In math we got assigned to throw a ball back and forth. It was not just throwing it for a random reason. We have to find out various things; the x intercept, y intercept the vertex, the initial height, the vertical motion and the highest height it attained.
In groups of 4 we went out and found a spot to do so. We placed a meter stick as vertical as possible for the measurement. We then recorded Ali and I throw a tennis ball back and forth. We had some problems with finding where to do it. As in some places such as against the wall inside the building the meter stick would not stay up as straight as possible. In other places people kept on interrupting is. We also had the problem at our last spot however we chose to ignore it and stay there since everything else was perfect. We tried to throw the ball a couple of times. we then realized in order to get the most accurate result we must stand as close to the meter stick as possible. We then proceeded with filming and recorded one video of us throwing it back and forth a couple of times.

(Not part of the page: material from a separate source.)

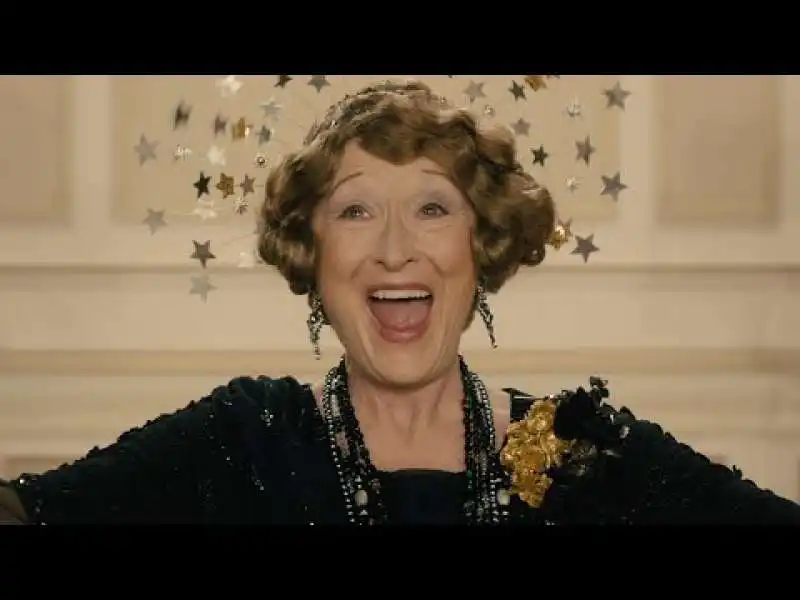 florence foster jenkins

It would not let me insert the video, because I do not have premium.
Afterwards we put the video into tracker without any problems. We did have some problems downloading tracker. Since I was the only one who already half downloaded it, for the others it did not work. We tried various things on mine but it would not work. However at the end of class it finally worked and we got it installed. Anyways when we inserted the video into tracker it was already the right way up. We then had to had to choose which throw we wanted to use; select the frame of interest. We looked at all the throws and the throw we selected was thrown the closes to the meter stick height and was the best throw. We started the frame right after it left my hand and the end of the frame was right before it came into Ali’s hand. The next step we had to do to proceed our investigation was to calibrate the video. We inserted a calibration stick. We had to do this so there is a measurement. Our calibration stick was 100 centimeters. We then pressed the button next to it to show the coordinate axis. We then dragged the center of the axis on the position where it has left my hand. We then pressed on the axis button again. We then had to create point mass to plot the data. We tracked the ball throughout the throw. We held down the shift key and pressed on the ball at every point. Afterwards we then proceeded with changing the y axis so our data is distance over time.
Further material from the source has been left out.